The downside of lenses with wider aperture ratings is that they tend to be bulkier and heavier, which can be a problem for travel photography and prolonged periods of handheld shooting. Another issue is that the outright zoom range can be comparatively limited, especially at the telephoto end. Most of the lenses we’ve chosen for this group test, in both DX and FX categories, aim to strike a compromise. 

We've split these lenses into two groups: those designed for Nikon's APS-C (DX) format DSLRs and those designed for full frame (FX format) Nikons. You can use full frame standard zooms on a DX body, but the effective focal length becomes 1.5x longer so they lose their usefulness.

Spoiler alert

For build quality, handling and outright performance, Nikon leads the way in both DX and FX camps, with the 16-80mm VR and 24-70mm VR lenses respectively.

Read on to find out more...

APS-C format zooms

Best DX Nikon standard zoom lenses

1. Nikon AF-S DX 16-80mm f/2.8-4E ED VR

The most up-market DX-format zoom on test

Effective zoom range: 24-120mm | Lens construction: 17 elements in 13 groups | No. of diaphragm blades: 7 | Minimum focus distance: 0.35m | Filter size: 72mm | Dimensions: 80x86mm | Weight: 480g

Big zoom range
Build quality and handling
Short zoom distortion and fringing
Long zoom sharpness

The perfect match for high-performance DX bodies like the D7500 and D500, this is the most advanced DX-format lens in the group. Up-market features include an electromagnetically controlled diaphragm, ring-type ultrasonic autofocus and a weather-sealed mounting plate. It also has the biggest zoom range, going more wide-angle than the other DX lenses and offering the greatest reach. Typical ring-type ultrasonic attractions include fast and near-silent operation, with full-time manual override.
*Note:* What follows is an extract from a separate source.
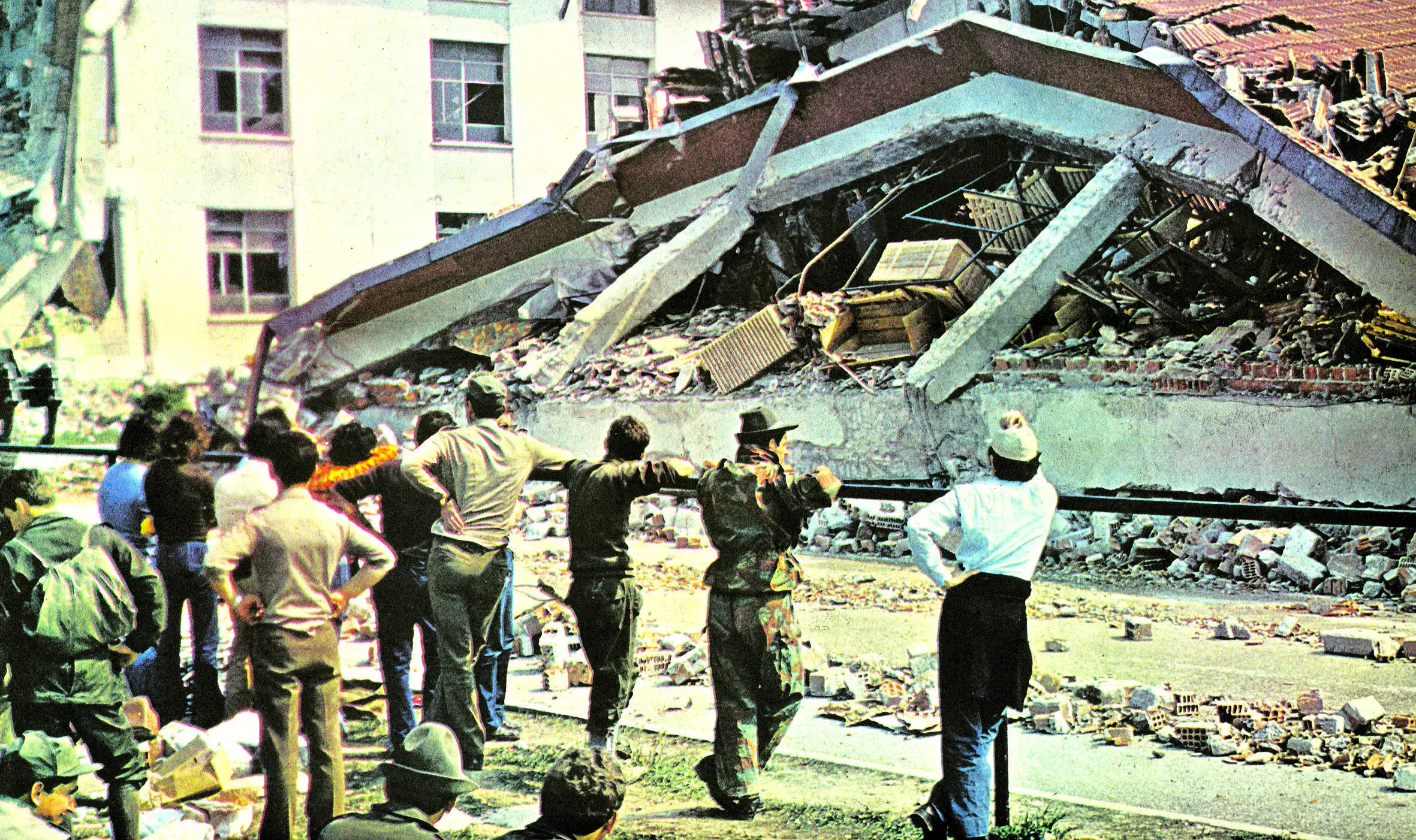 Militari osservano uno dei tre fabbricati della Goi Pantanali distrutti dal sisma il 6 maggio 1976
The optical path includes four ED (Extra-low Dispersion) elements, Nano Crystal Coating for reducing ghosting and flare, plus fluorine coatings on the front and rear elements to repel muck and moisture. While build quality and handling are the best of any DX-format lens here, performance admittedly leaves a bit to be desired in some areas.
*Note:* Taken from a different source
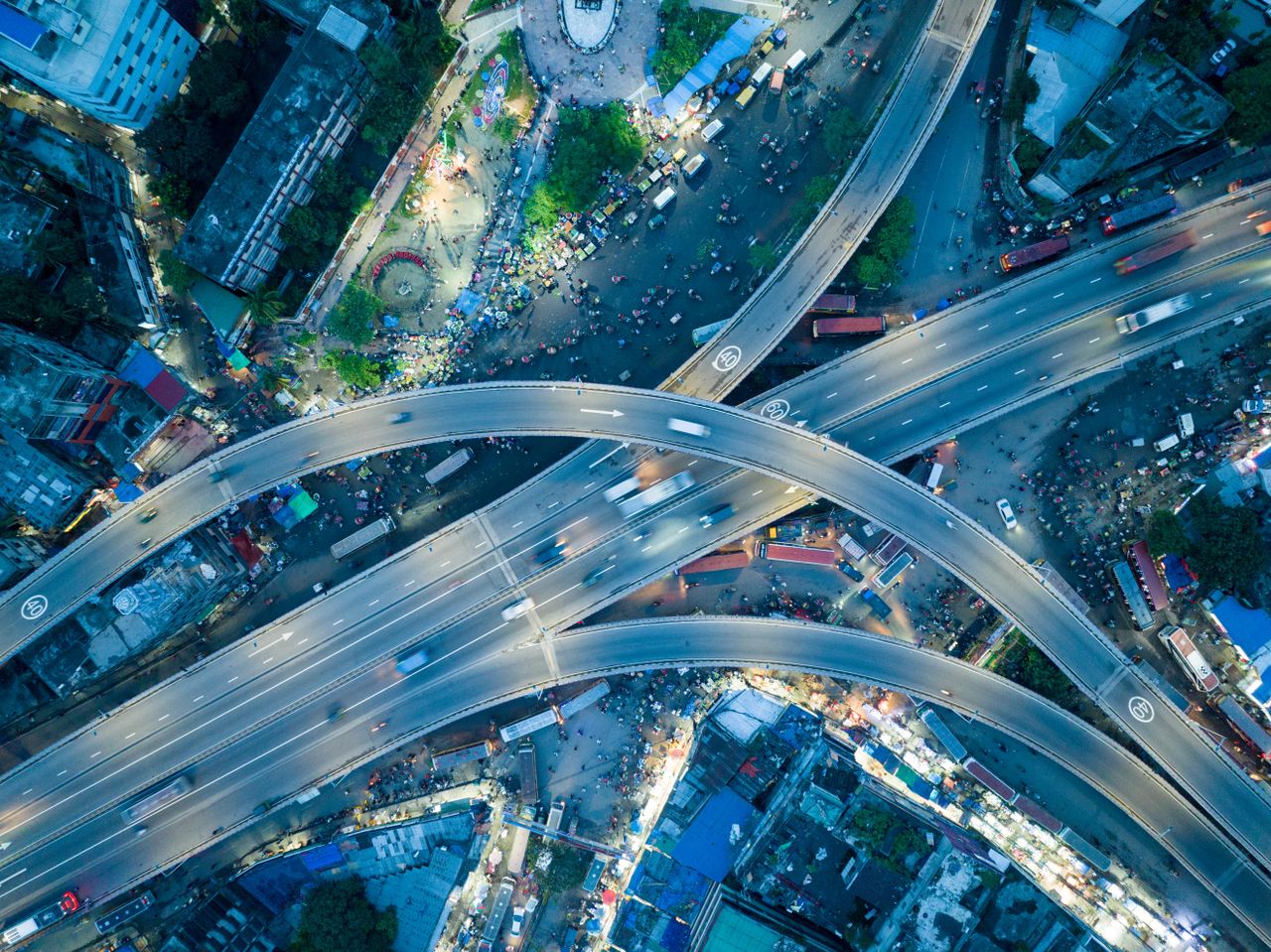 Dynamic aerial shot of a bustling city highway intersection at night.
2. Sigma 17-70mm f/2.8-4 DC Macro OS HSM | C for Nikon

Newer and smaller, but with a bigger zoom range

Effective zoom range: 25.5-105mm | Lens construction: 16 elements in 14 groups | No. of diaphragm blades: 7 | Minimum focus distance: 0.22m | Filter size: 72mm | Dimensions: 79x82mm | Weight: 465g

Compact and lightweight
Four stop optical stabilizer
Focus ring rotates during autofocus
Centre-sharpness not the best

Part of the ‘Contemporary’ class models from Sigma’s ‘Global Vision’ line-up, this lens is designed to be compact, lightweight and stylish. It lacks the older Sigma lens’s constant-aperture rating, but matches its f/2.8 rating at the short end of the zoom range, while only shrinking to f/4 at the long end. That’s still an f/stop faster than most kit lenses. As with the Sigma 17-50mm lens, autofocus is based on an ultrasonic motor, and the focus ring rotates during autofocus, so you have to be careful to keep your fingers clear. Other similarities are the inclusion of two FLD elements and a four-stop optical stabilizer. Lab test results for centre-sharpness aren’t quite as good as from the Sigma 17-50mm, but levels of sharpness are much more consistent across the whole image frame.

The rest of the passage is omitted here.